5. Contract for Reality

Contracts should reflect how a digital health company operates rather than relying on generic templates. Boilerplate agreements often fail to capture actual data practices.

Instead, here’s what contracts should clearly address:

  • Data ownership and permitted uses, including AI training
  • Security standards and audit rights
  • Incident response roles
  • Regulatory compliance allocation
  • Liability and indemnification tied to real risk

Although reducing legal exposure is the primary goal, when done correctly, well-structured contracts also make it easier to build partnerships and move through due diligence more efficiently.

READ MORE: What to know about the growing role of AI agents in healthcare.

6. Prepare for Diligence Early

In digital health, diligence from payors, health systems, investors or acquirers is inevitable.
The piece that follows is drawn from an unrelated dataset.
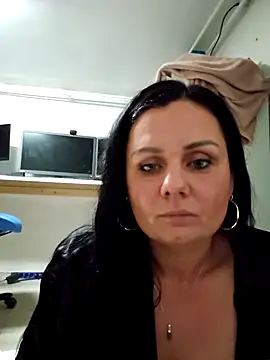 Snapshot of Always_foryou chatting on November 10, 2025, 8:52 pm Always foryou online show from November 10, 2025, 8:52 pm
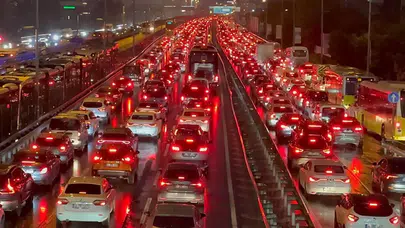 İstanbul'da trafik yoğunluğu: Anadolu Yakası'nda yüzde 90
Deals move faster when governance and compliance are already organized.

Therefore, here’s a brief sample of what companies should maintain:

  • Current data maps and vendor inventories
  • Documented AI governance principles
  • Privacy and security policies aligned with operations
  • Security assessments
  • Incident response testing records
  • Clear internal ownership of compliance

This level of organization demonstrates maturity, reduces deal friction and builds confidence under pressure.

Organizational and Shared Responsibilities To Move Forward

AI, privacy and cybersecurity are no longer background legal issues. In digital health, they are core to growth, valuation and trust. The companies that succeed are not those that eliminate risk, but those that understand it, manage it and communicate it clearly. When treated as strategic assets rather than obstacles, these disciplines do not slow innovation, they enable it.